In pursuit of a short-term political benefit, Democrats are in danger of establishing a ruinous new standard in American politics - one they'll come to regret and rue when they take the White House again.Thus the danger of political witchhunts. This includes the GOP when they do the same thing. If Congress is going to make a big deal out of the inner workings of the executive branch, they need to make sure that there is a real reason for it and not "politics." And the firing of political appointees, however ineptly handled is not an issue to be pursued for short term political gain.
They're contending, in effect, that the president and his staff should not have untrammeled authority to fire political appointees.
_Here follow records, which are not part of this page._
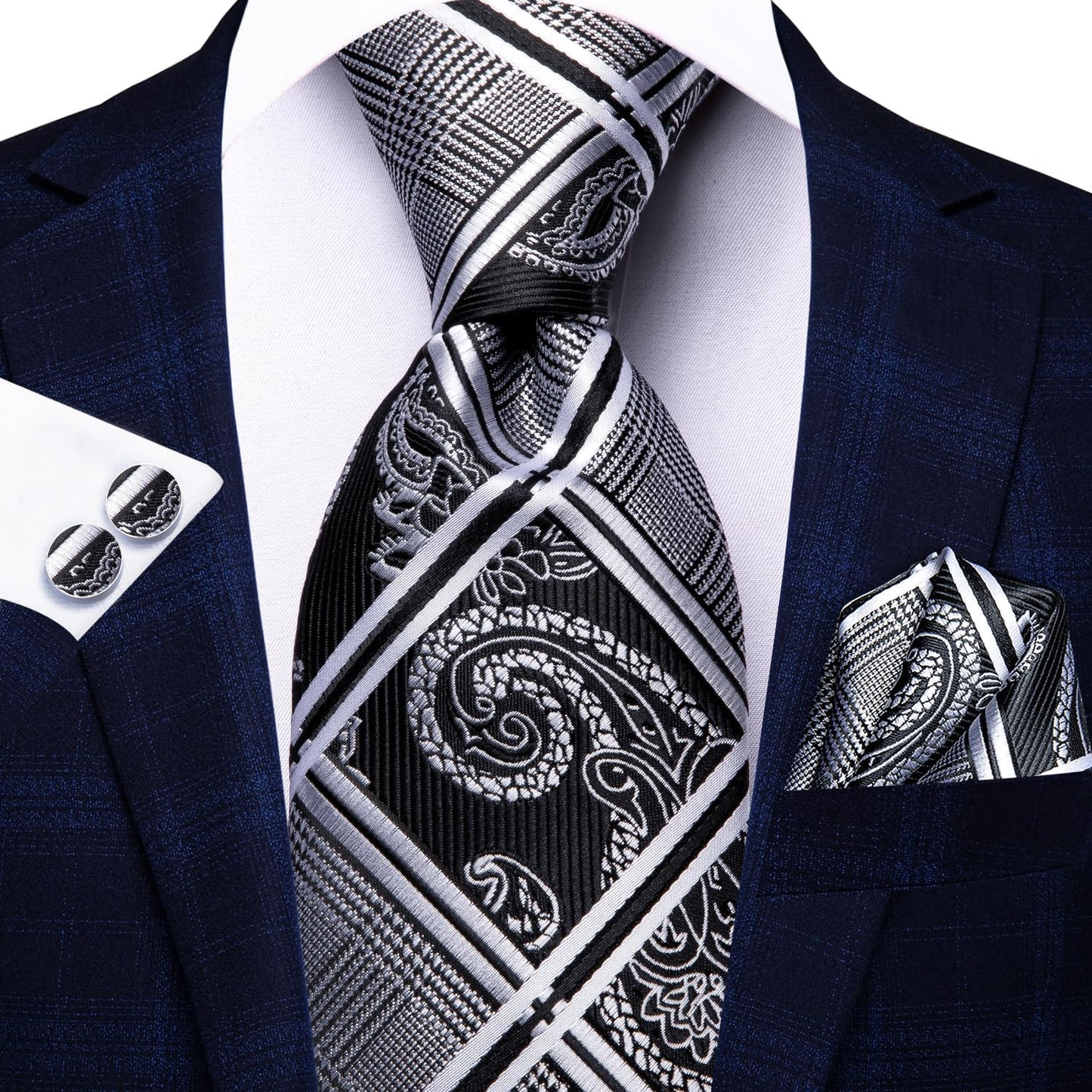Hi-Tie Men 63inches Tie Set Extra Long Necktie Paisley Tie Pocket Suqare Cufflinks Big and Tall Men Tie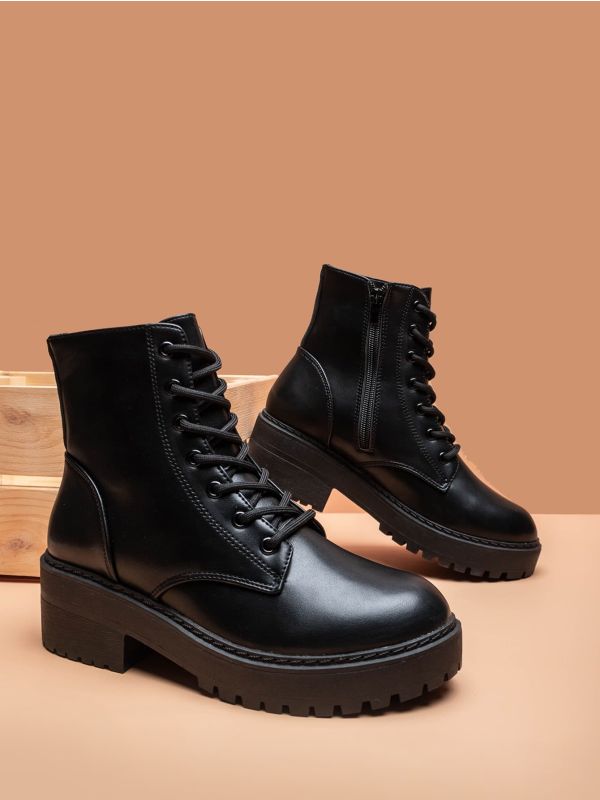 Faux Leather Lace-Up Chunky Combat Boots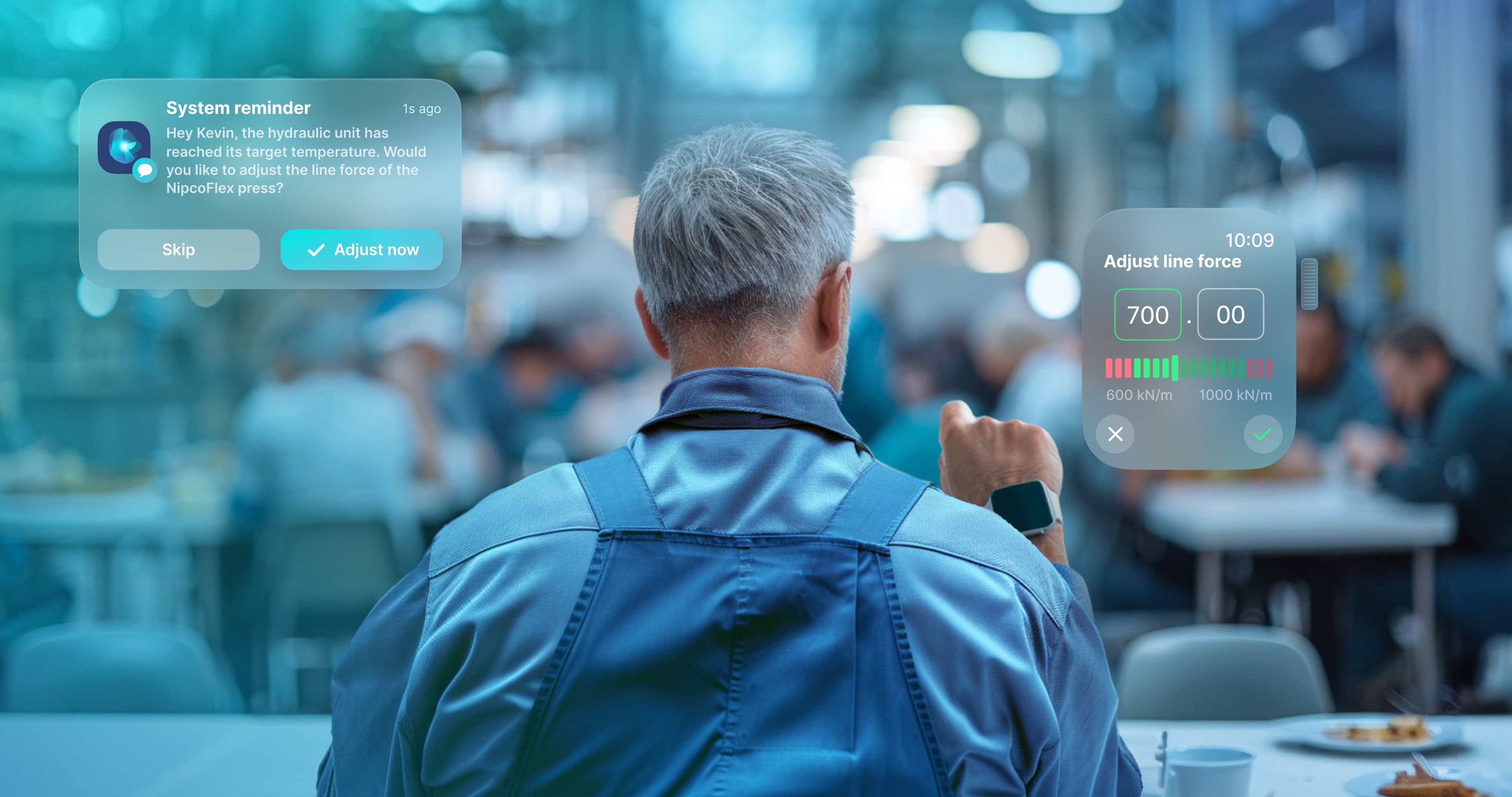 Factory worker receiving a system notification on a smartwatch, adjusting machine settings in a connected industrial environment.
By inflating the dismissal of eight U.S. attorneys into a major political scandal with the suggestion that the act of dismissing them is a scandal demanding congressional oversight, they're creating a new political reality.
The American people - or whatever fragment of them is paying attention to the matter - surely now thinks that the president had no right to fire these attorneys and that he probably acted in an illegitimate way by doing so.
The longer this goes on, the easier it will be for pseudoscandals to be ginned up in the future whenever a certain type of official working in the executive branch is removed from his job.
That's just wrong - as a matter of law, of policy and of the proper functioning of our constitutional system.
What is a "political appointee"? The term refers to the tiny number of employees in the federal government. There were 2,876 political appointees in 2005; they comprise a tenth of one percent of the 2.72 million federal-government employees. They range in power from the secretary of State to a secretary working in the West Wing.
Could Congress reform the manner in which U.S. Attorney's are nomiated and hired? Sure, and a term limit or for cause dimissal clause might not be a bad idea. But this investigation is going to be remembered and woe unto the Democratic president who does something similar.